His work is well worth tracking down. They often sit in contrast with the stylised nature of Japanese films that ran through the 1950s and 1960s, and replaced that aesthetic with a much darker, and particularly more cynical depiction of both contemporary and historical drama. I have been on a journey of Shinoda’s work for a couple of years now, as I manage to track down each of his films. He has expressed historical with a powerful political verve in Assassination (1964), reframed film noir with a black and dour touch in The Petrified Forest (1973), and then handled supernatural horror with a brutal impact and gendered focus in Under the Blossoming Cherry Trees (1975).
Ballad of Orin is largely missing the cynicism of those works, but it is certainly very bleak. Orin’s life is one of misfortune and tragedy. Each miserable incident compounds upon the next, dragging her inexorably further and further into ill health and poverty. It feels inevitable, and the only element to arrest that emotional weight is Iwashita’s spirited, resilient performance. She was a regular feature of Shinoda’s films, and indeed grew so close to the director that she married him in 1967.
Harada Yoshio plays an itinerant wander with whom Orin travels, and the two build a somewhat complex and understated romance. It represents one of many tough, rough-hewn characters that Harada played, and Shinoda’s screenplay with Hasebe Keiji allows considerable room for the character to unfold and play out.
It is hard to consider Ballad of Orin without also thinking of Mizoguchi Kenji’s widely regarded classic The Life of Oharu (1952). Not only both films cover the life of a fallen or abandoned woman – Orin a goze, Oharu a sex worker – but Shinoda actively apes Mizoguchi’s style through the use of long takes and a tight 4:3 academy ratio for the picture. He even co-opts Mizoguchi’s frequent cinematographer Miyagawa Kazuo who, while not responsible for The Life of Oharu, did direct photography on Mizoguchi’s Ugetsu, The Woman in the Rumour, Sansho the Bailiff, and others. The film looks tremendous, and captures the cultural uncertainties of post-World War I Japan very well.

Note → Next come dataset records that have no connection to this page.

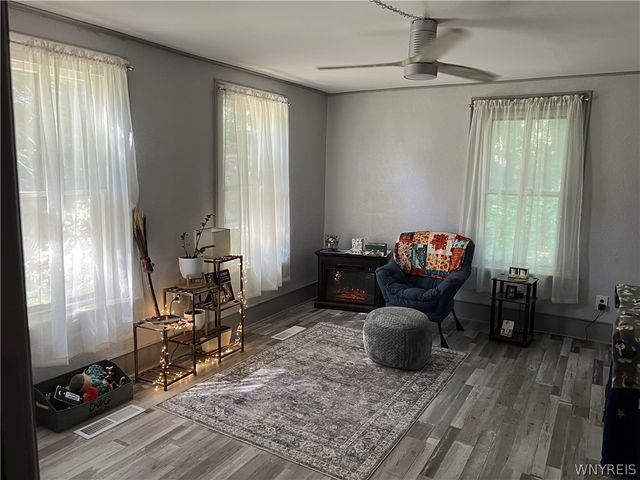 9011 Mountain Road, Royalton, NY 14067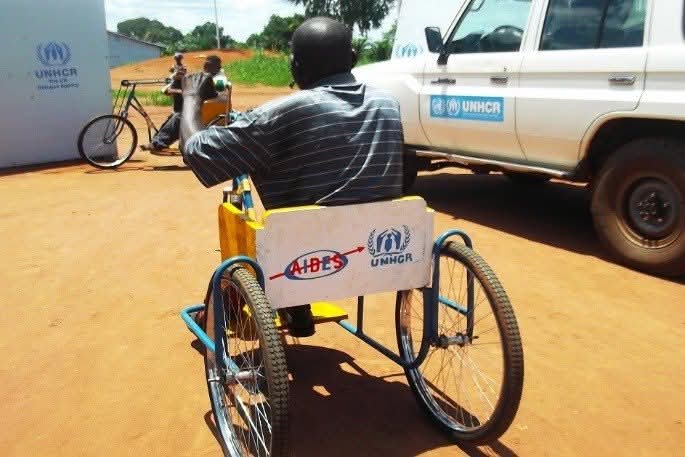 Renforcer l’inclusion des personnes vivant avec handicap : l’engagement d’AIDES avec le soutien du HCR Renforcer l’inclusion des personnes vivant avec handicap : l’engagement d’AIDES avec le soutien du HCR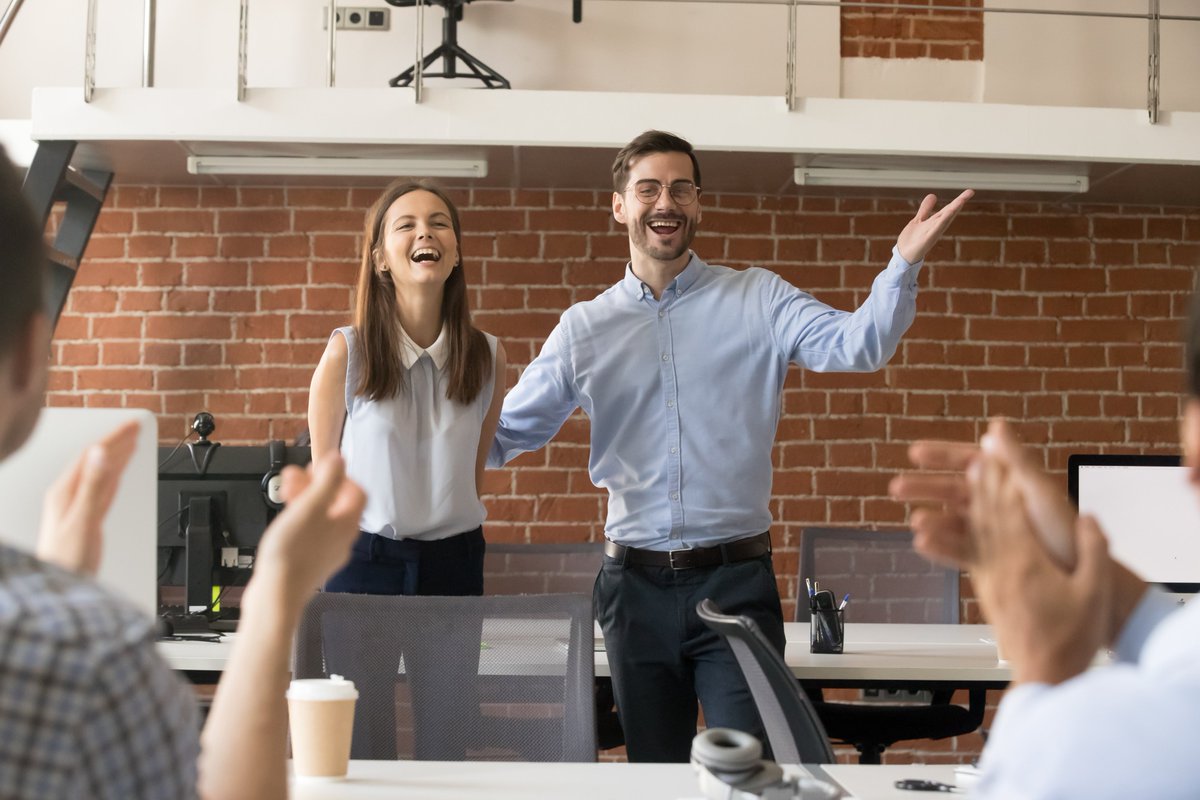 Boost employee attendance by regularly checking in and praising performance. 👏

👉 Positive reinforcement can encourage employees to maintain good work habits.

Do you provide regular feedback and recognition to your employees? 🧐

The post-war setting – much of the story is set in 1919 – also enables Shinoda to capture and comment on a turbulent period in Japanese military history, where soldiers returning from war found themselves recommissioned – and others unwillingly conscripted – to fight the Russians in eastern Siberia. Facing hostile conditions, and tired of conflict, many soldiers chose desertion – an action that offended the well-established military sense of duty and honour, and was seen as a serious risk to public morale.
Ballad of Orin is miserable, yes, but also enormously powerful. Its slow, intimate story of injustice and misfortune is tenderly captured, and powerfully expressed. It is another strong example of one of Japan’s most talented – and most underrated – 20th century filmmakers.